Elle a pris la suite d’Anne Tanguy, partie vers l’ouest après 13 ans à la tête des 2 Scènes. Vanessa Lassaigne assure la direction des deux théâtres depuis le 1er avril. Entretien avec cette Lyonnaise devenue Bisontine de coeur, plaçant le collectif au centre de son projet.
La Presse Bisontine : vous avez occupé pendant près de 15 ans des postes dans la culture à Lyon. Quelles sont les raisons qui vous ont poussée à postuler pour la direction des 2 Scènes à Besançon ?

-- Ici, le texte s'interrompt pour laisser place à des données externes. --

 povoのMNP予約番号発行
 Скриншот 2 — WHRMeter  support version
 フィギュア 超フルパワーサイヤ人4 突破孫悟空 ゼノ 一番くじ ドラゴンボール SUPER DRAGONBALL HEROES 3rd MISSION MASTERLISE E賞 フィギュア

Vanessa Lassaigne : Je connaissais Besançon qui me donnait envie avec un environnement très vert, une histoire, une ville de caractère, un très beau centre-ville entre la Citadelle et les collines. Et puis les 2 Scènes rayonnent beaucoup au niveau national, c’est une grosse scène nationale. J’ai déjà eu l’occasion de travailler avec les 2 Scènes. J’aime la tonalité musicale (N.D.L.R Vanessa Lassaigne a travaillé 12 ans dans la musique auparavant). J’avais également une connaissance de la qualité d’accueil et d’accompagnement des artistes. C’est un endroit où je me projette. Pour une ville de 100 000 habitants, et un bassin de vie de 200 000 habitants, c’est assez exceptionnel le nombre de lieux labellisés : Un centre dramatique national, une Scène nationale avec deux lieux, un F.R.A.C., un conservatoire, la Rodia… On sent qu’ici il y a des politiques publiques en direction de la culture et qui ont vocation à un développement culturel. La ville montre aussi un dynamisme culturel, artistique et associatif foisonnant avec le festival Bien Urbain, Bol, Bol, Bol, la Souterraine, etc. À plein d’endroits de Besançon, on sent cette culture. Le théâtre Ledoux, par exemple, a été le premier théâtre à inventer la fosse d’orchestre. Il a inversé la position du spectateur. Le parterre, auparavant, était en terre battue et réservé aux classes populaires. Avec la fosse, on a amélioré l'acoustique.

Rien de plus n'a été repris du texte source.